- _PROBLEM DETAILS_
In the listing below, find each line with the string "Cotton" and report it.

EXERCISE INPUT below:

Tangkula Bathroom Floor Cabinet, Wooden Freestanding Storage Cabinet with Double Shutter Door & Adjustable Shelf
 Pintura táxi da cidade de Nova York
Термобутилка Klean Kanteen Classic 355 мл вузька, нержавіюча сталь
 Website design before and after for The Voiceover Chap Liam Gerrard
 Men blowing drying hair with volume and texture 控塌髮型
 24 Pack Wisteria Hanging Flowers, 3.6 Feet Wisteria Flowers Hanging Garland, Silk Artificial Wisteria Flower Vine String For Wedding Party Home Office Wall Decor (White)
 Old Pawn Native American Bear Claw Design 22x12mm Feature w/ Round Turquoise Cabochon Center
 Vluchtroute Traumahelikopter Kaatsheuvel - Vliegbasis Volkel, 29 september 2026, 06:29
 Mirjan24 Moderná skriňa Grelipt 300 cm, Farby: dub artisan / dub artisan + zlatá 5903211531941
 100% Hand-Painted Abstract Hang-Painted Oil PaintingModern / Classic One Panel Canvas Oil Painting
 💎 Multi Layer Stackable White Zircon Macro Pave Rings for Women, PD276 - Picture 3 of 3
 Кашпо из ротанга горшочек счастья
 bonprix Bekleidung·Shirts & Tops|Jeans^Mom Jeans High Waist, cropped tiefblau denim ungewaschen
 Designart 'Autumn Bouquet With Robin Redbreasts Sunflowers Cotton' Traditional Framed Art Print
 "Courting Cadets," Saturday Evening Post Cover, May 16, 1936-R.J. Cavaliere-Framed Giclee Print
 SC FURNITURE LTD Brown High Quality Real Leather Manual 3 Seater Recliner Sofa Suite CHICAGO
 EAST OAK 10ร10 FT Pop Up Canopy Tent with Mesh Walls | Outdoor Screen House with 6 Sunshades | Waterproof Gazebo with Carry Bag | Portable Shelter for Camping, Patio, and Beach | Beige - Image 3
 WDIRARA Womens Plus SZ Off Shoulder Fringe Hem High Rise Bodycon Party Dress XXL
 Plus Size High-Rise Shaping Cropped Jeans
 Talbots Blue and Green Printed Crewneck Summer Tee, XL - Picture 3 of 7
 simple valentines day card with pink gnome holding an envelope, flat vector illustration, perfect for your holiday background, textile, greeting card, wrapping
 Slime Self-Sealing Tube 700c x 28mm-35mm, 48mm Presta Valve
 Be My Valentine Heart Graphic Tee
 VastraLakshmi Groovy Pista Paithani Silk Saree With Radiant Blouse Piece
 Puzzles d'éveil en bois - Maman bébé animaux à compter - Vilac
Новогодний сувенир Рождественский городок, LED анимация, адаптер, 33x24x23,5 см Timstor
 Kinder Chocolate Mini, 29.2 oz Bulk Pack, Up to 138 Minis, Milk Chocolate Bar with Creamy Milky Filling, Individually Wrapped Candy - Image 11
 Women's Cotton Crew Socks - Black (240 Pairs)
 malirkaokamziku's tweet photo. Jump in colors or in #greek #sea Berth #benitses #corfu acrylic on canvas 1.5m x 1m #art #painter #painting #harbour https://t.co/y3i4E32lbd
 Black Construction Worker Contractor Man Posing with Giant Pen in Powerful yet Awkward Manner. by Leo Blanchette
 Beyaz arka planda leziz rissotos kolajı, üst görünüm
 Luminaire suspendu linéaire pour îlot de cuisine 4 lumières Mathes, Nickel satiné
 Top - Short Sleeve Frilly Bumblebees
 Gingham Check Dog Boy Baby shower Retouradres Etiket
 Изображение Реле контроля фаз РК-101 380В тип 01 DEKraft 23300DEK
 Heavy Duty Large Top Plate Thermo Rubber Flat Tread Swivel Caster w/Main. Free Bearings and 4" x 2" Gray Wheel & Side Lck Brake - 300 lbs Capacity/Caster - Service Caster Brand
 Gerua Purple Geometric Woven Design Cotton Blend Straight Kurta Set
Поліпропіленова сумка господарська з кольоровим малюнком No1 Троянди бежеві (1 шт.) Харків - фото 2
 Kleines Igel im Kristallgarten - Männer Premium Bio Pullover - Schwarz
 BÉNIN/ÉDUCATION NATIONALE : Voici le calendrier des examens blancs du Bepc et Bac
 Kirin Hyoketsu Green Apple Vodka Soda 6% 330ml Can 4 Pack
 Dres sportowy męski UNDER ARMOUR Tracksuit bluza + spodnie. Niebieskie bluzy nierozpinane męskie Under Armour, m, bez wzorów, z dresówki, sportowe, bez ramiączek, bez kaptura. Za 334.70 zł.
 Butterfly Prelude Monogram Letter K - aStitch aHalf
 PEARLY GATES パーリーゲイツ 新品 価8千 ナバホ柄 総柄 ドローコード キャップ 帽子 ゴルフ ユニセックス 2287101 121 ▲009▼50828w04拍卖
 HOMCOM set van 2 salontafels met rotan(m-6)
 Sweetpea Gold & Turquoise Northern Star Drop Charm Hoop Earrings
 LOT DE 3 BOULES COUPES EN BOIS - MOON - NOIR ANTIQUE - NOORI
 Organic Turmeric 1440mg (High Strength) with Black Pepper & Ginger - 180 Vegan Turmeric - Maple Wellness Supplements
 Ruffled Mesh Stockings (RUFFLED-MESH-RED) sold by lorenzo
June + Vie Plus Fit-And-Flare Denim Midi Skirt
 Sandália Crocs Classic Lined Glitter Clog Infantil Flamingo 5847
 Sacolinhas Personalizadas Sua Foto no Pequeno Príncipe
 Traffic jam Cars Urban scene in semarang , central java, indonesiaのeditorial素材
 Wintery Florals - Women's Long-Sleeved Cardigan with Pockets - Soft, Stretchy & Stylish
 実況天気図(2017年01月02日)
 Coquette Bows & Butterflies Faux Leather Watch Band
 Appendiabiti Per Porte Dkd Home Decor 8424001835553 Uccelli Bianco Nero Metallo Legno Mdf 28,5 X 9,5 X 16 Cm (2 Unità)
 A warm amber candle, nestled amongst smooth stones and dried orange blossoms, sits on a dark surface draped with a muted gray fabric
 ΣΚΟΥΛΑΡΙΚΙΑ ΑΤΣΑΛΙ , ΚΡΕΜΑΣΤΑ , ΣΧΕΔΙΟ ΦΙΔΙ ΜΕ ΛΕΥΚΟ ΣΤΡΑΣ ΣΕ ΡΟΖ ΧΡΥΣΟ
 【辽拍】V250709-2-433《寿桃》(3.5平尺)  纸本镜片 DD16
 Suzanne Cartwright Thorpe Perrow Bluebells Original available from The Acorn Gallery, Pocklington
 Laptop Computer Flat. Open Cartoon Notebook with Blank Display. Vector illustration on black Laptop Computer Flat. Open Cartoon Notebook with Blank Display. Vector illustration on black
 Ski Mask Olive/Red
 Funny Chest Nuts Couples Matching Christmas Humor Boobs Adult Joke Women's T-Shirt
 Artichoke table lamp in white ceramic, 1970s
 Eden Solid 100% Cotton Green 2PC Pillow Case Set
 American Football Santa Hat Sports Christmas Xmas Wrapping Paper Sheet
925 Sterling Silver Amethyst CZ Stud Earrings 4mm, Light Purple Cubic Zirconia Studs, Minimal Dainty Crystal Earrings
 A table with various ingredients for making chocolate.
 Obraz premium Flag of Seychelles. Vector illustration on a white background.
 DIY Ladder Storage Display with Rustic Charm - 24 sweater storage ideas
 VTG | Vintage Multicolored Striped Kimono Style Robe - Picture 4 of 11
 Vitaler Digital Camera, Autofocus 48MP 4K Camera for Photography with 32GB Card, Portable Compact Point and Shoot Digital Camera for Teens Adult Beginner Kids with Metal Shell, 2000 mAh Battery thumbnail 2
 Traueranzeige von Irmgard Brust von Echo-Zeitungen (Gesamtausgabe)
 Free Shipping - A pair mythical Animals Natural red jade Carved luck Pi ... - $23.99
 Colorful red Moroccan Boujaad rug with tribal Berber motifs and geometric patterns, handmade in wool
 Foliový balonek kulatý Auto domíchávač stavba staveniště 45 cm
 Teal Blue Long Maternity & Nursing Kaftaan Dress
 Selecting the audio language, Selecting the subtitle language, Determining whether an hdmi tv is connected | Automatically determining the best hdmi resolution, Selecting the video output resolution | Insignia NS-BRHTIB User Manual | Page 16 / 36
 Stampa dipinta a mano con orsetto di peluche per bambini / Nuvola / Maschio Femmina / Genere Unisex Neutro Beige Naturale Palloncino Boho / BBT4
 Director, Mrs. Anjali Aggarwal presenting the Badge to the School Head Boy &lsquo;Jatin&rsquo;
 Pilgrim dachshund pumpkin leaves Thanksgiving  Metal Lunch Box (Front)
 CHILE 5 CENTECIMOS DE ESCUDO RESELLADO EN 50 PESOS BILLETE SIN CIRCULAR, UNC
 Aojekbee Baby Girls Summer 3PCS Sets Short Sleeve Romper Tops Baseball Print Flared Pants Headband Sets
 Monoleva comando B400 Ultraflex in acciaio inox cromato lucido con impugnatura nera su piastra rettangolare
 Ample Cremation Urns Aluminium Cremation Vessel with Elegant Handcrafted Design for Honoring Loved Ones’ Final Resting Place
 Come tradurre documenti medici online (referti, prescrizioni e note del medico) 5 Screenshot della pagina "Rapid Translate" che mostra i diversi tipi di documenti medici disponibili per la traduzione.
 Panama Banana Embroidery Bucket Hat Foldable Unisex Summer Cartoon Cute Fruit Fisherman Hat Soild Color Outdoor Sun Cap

End of EXERCISE INPUT.

- _ANSWER SPACE_
 Designart 'Autumn Bouquet With Robin Redbreasts Sunflowers Cotton' Traditional Framed Art Print
 Women's Cotton Crew Socks - Black (240 Pairs)
 Gerua Purple Geometric Woven Design Cotton Blend Straight Kurta Set
 Eden Solid 100% Cotton Green 2PC Pillow Case Set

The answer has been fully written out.